Muscle satellite cells, also known as muscle stem cells (MSCs), are vital for the growth, repair, and regeneration of skeletal muscles. First identified by Mauro in 1961, these cells reside between the basal lamina and sarcolemma of muscle fibers (Mauro 1961). MSCs typically remain in a quiescent state but become activated in response to muscle injury or physiological stress, such as exercise. Upon activation, they proliferate and differentiate into myoblasts, which then fuse to form new muscle fibers or repair damaged ones (Li et al. 2025). Regeneration of skeletal muscle relies heavily on MSCs, which regulate myofiber development through key myogenic transcription factors such as paired box protein 3 (Pax3), paired box protein 7 (Pax7), myogenic differentiation 1 (MYOD), and myogenin (MYOG) (Pang et al. 2023). Upon injury, Pax7^+^ MSCs are activated, inducing the expression of MYOD, myogenic factor 5 (Myf5), and MYOG, which drive myotube formation (Yu et al. 2021). Various extracellular matrix (ECM) components, such as fibromodulin (Ahmad et al. 2023; Lee et al. 2021a), matrix gla protein (Ahmad et al. 2017), and dermatopontin (Kim et al. 2019), as well as cell adhesion molecules like immunoglobulin-like cell adhesion molecules 4 and 5 (Lim et al. 2021, 2022), also regulate myogenesis and facilitate skeletal muscle regeneration.
Cultured meat has emerged as a promising alternative to traditional livestock farming, addressing major concerns such as poor breeding conditions, environmental pollution from wastewater and methane emissions, and animal welfare issues (Lee et al. 2023). Cultured meat production involves a stepwise process that begins with the isolation of MSCs from target livestock muscle tissue using enzymatic digestion. Isolated MSCs undergo proliferation and subsequent myogenic differentiation, eventually leading to the formation of cultured meat (Lee et al. 2021b). Obtaining high-quality MSCs at the initial stage is critical because it has a significant impact on the efficiency of cell expansion, differentiation, and the overall quality of the final cultured meat product.
The study of MSCs is crucial for elucidating the mechanisms of muscle development and for improving the efficiency of cultured meat production. MSCs were first isolated from adult rat skeletal muscle by Bischoff in 1974 (Bischoff 1974). Enzymatic treatments such as pronase and trypsin were used to extract viable MSCs from muscle tissue. This approach, with a few modifications, is still used to isolate avian MSCs for cell culture (Velleman 2024). Isolating high-quality MSCs with high viability, purity, and myogenic potential from muscle tissue is critical for advancing these studies. The most common isolation method involves finely mincing muscle tissue and extracting MSCs using proteolytic enzymes such as collagenase, dispase, and pronase (Motohashi et al. 2014). Collagenase, derived from Clostridium hystolyticum, is the most widely used enzyme in this process. In addition, collagenase plays a pivotal role in tissue engineering and clinical applications due to its ability to efficiently dissociate tissues and extract cells. However, concerns remain regarding the safety and stability of cells isolated using crude collagenase, primarily due to its pathogenic origin (Xu et al. 2025). Even crude type collagenase is a complex mixture of collagen-degrading enzymes, neutral proteases, and other enzymatic components. However, the variability in composition and activity of these crude formulations can affect the consistency and efficiency of cell isolation. Therefore, the use of highly purified recombinant collagenase is increasingly recommended to ensure reproducibility, safety, and high-quality outcomes (Fujio et al. 2014). Recombinant collagenase, produced through recombinant DNA technology in Escherichia coli, offers a safer alternative to the crude form.
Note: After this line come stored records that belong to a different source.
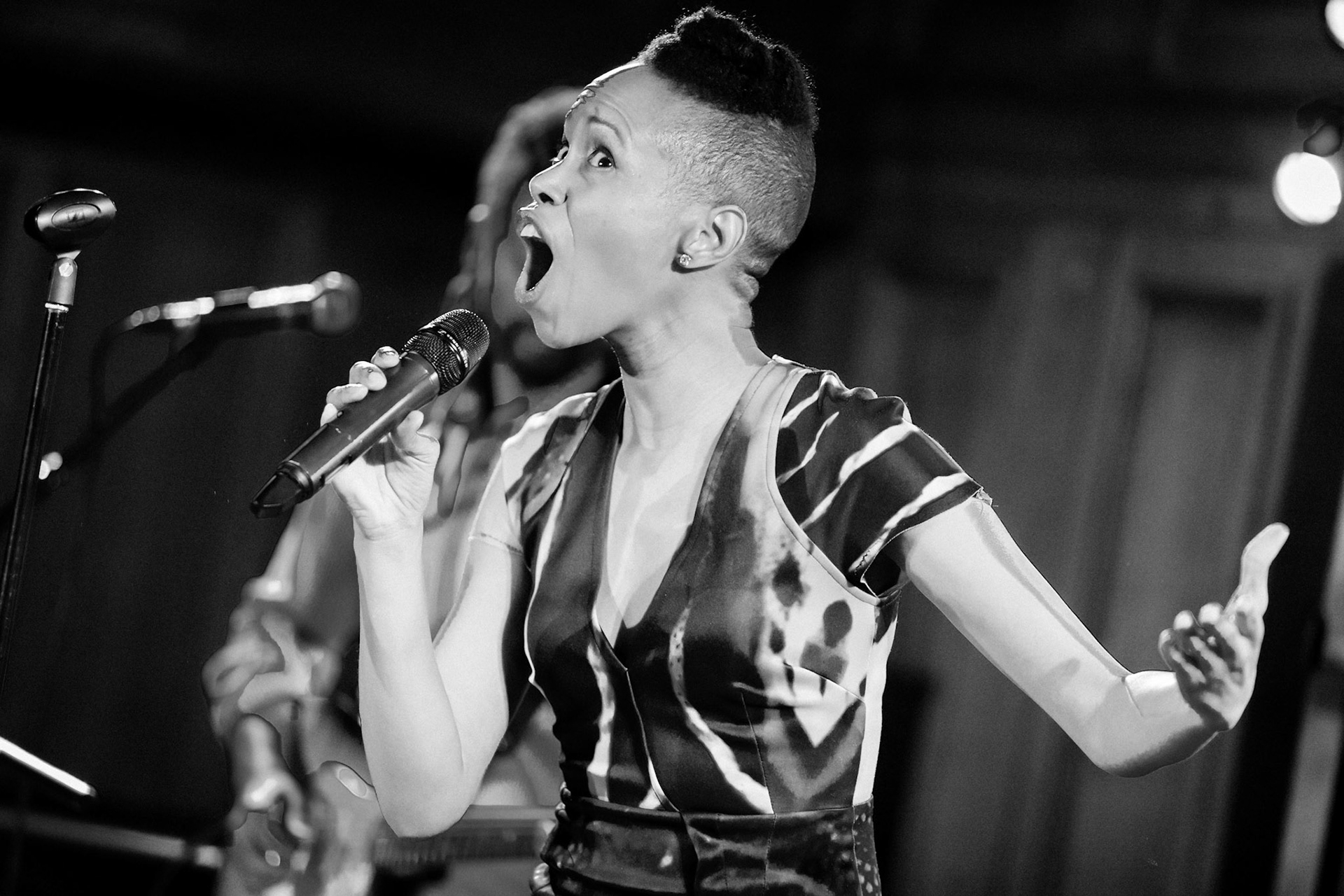 Kellylee Evans, Festival Jazz Saint-Germain-des-Prés - Paris , Eglise Saint-Germain-des-Prés, 16 mai 2019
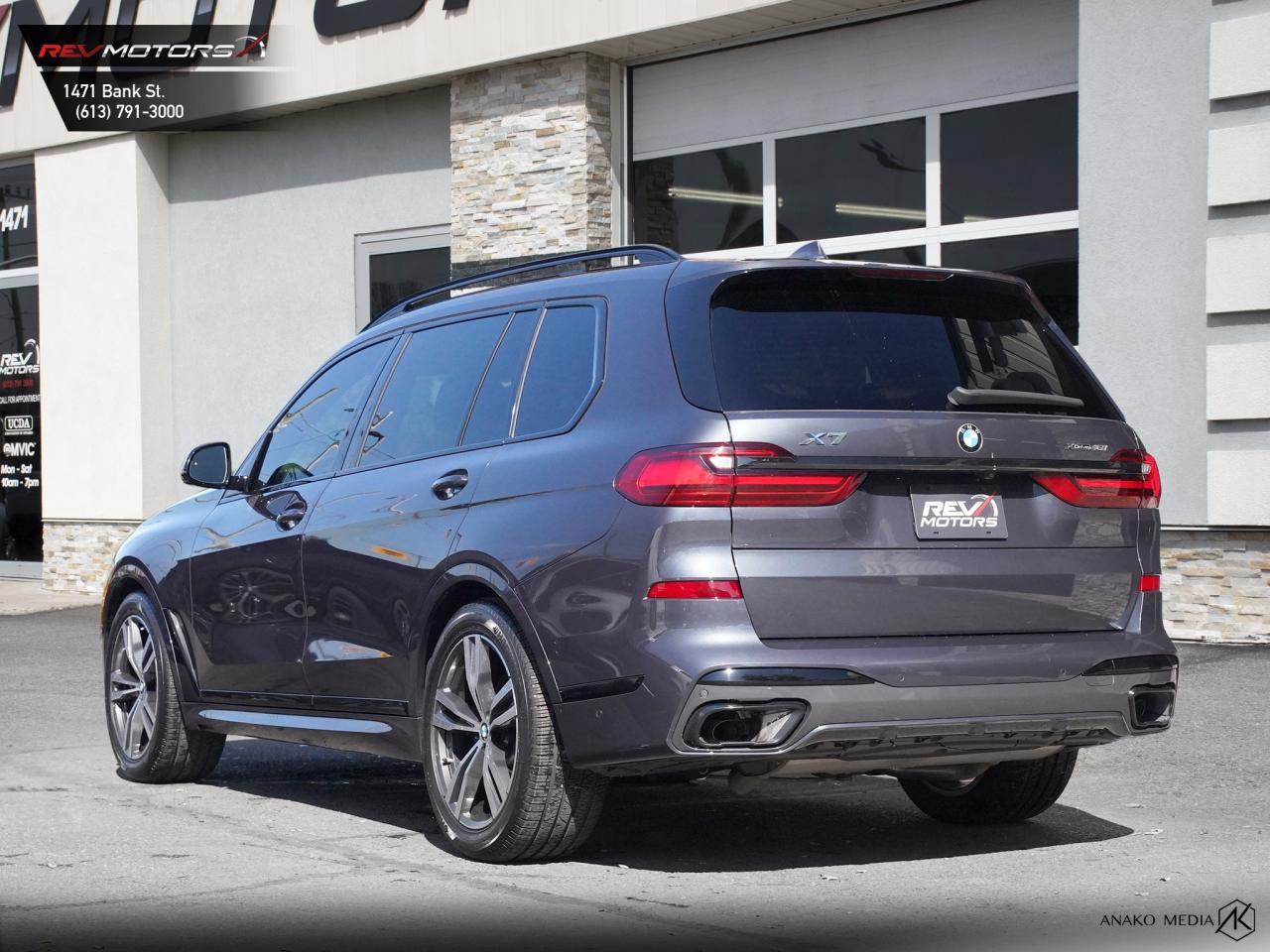 2022 BMW X7 xDrive40i | M Sport | Sky Loung | Heads-Up Display Photo2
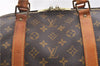 Authentic Louis Vuitton Monogram Keepall 60 Travel Boston Bag M41422 LV 2967F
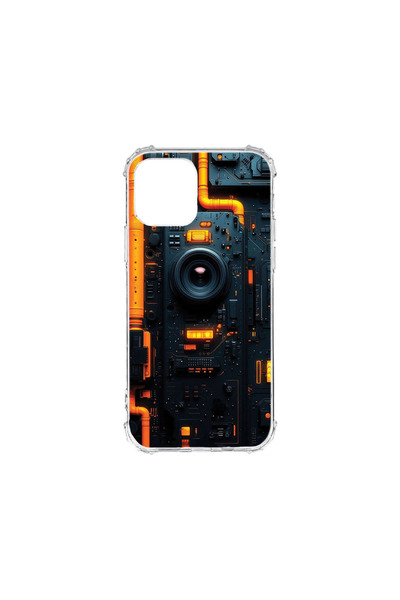 bestcase Husă Antișoc pentru Apple iPhone 12 / iPhone 12 Pro, Placă de circui...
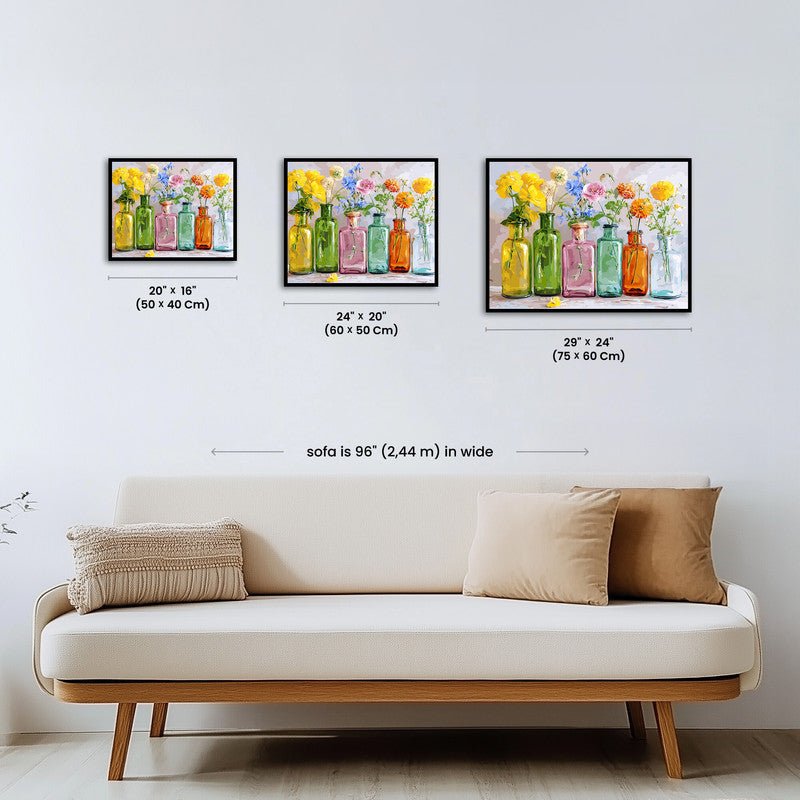 Paint by numbers - Glass Harmony - MyArt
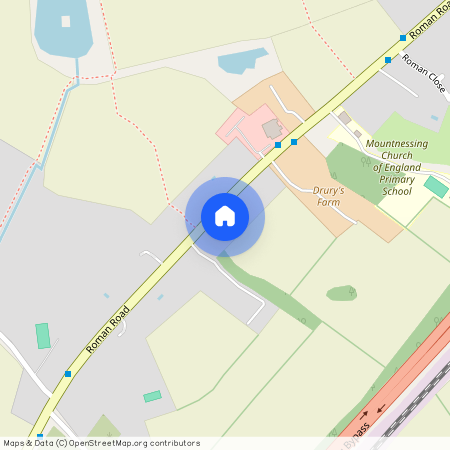 Roman Road, Margaretting, Essex, CM15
Recombinant collagenase, particularly Collagenase Class I (Col G) and Class II (Col H), has been shown to provide more consistent and sustainable results in various cell isolation protocols, including those for cardiomyocytes (Campora et al. 2018).
Thermolysin, another protease of interest, is a thermostable neutral metalloprotease derived from Bacillus thermoproteolyticus. It selectively cleaves peptide bonds near hydrophobic amino acids and efficiently degrades ECM components such as collagen, elastin, and fibronectin while preserving cell surface proteins. Its low nonspecific activity, thermostability, and ECM-degrading capacity make it a suitable complement to collagenase in cell isolation protocols (Perreault and Beaulieu 1996).
In this study, recombinant collagenase was used to target collagen, the principal component of muscle connective tissue and fascia, in combination with thermolysin, which degrades a broader range of ECM components. This enzymatic approach was applied to isolate MSCs from chicken muscle tissue for improved yield and quality in cultured meat production.
Materials and methods
Animal experiment
All experiments were approved by the Institutional Animal Care and Use Committee of Yeungnam University (Approval No. AEC2022-022) and conducted in accordance with its guidelines.
Isolation and culture of chicken MSCs
Whole leg muscles were harvested from 16-d-old embryos, minced, and enzymatically digested for 1 h at 37 °C using 0.1% Pronase (Roche, Mannheim, Germany), 0.1% TDzyme C, 0.06% TDzyme T, or a combination of 0.015% TDzyme C and 0.03% TDzyme T (TDzyme CT) (CONNEXT, Daegu, Korea). The digested tissue was centrifuged at 1,000 × g for 3 min, filtered through a 40-µm cell strainer (Corning, Brooklyn, NY, USA), and centrifuged again at 1,000 × g for 5 min. The resulting pellet was resuspended in Ham’s F-10 medium supplemented with 20% fetal bovine serum (FBS; Cytiva, Marlborough, MA, USA), 1% penicillin–streptomycin (P/S; Cytiva, Marlborough, MA, USA), and 5 ng/mL fibroblast growth factor 2 (FGF2; Miltenyi Biotec, Bergisch Gladbach, Germany). Cells were seeded onto collagen-coated plates (Corning, Brooklyn, NY, USA) and cultured at 37 °C in an incubator with 5% CO_2_. When the cells reached over 90% confluency on the surface of the culture dish, the medium was replaced with DMEM containing 1% penicillin–streptomycin and 2% FBS to induce differentiation.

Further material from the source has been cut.